INSTRUCTIONS FOR THE TASK:
Pictures stay out of the copy, and everything else in the data below is repeated exactly.

STUDY MATERIAL:

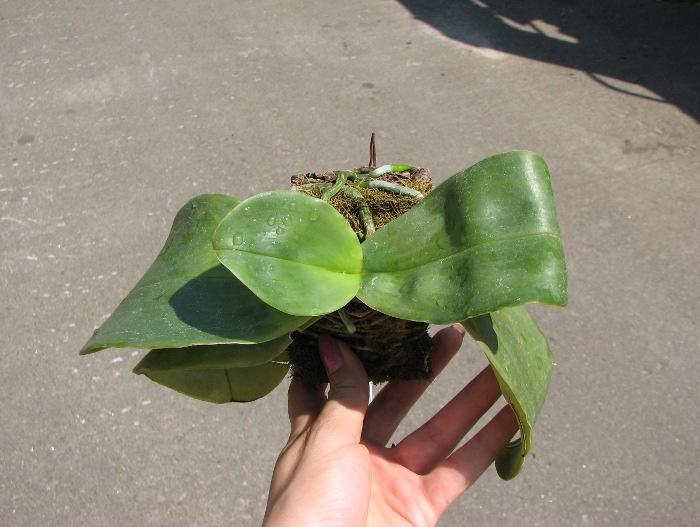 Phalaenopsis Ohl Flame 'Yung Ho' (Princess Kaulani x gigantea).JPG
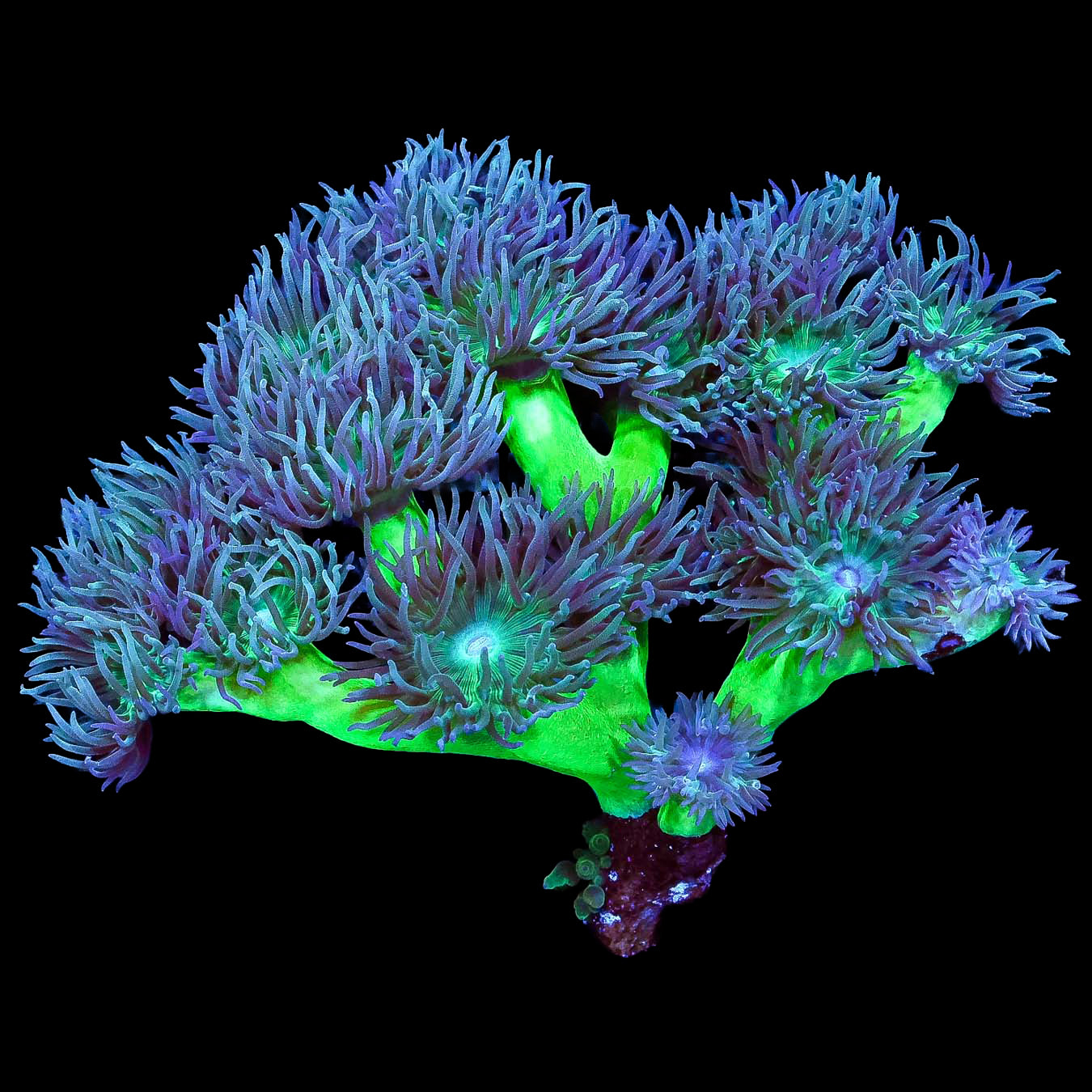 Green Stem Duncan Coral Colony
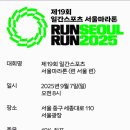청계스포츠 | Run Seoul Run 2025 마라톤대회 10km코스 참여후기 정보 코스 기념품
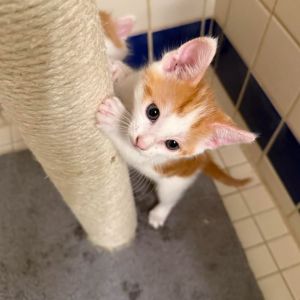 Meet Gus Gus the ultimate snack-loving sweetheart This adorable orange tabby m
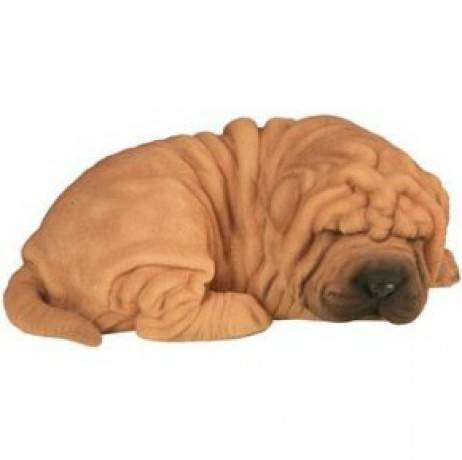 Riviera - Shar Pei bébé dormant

PROBLEM SOLUTION:
 Phalaenopsis Ohl Flame 'Yung Ho' (Princess Kaulani x gigantea).JPG
 Green Stem Duncan Coral Colony
청계스포츠 | Run Seoul Run 2025 마라톤대회 10km코스 참여후기 정보 코스 기념품
 Meet Gus Gus the ultimate snack-loving sweetheart This adorable orange tabby m
 Riviera - Shar Pei bébé dormant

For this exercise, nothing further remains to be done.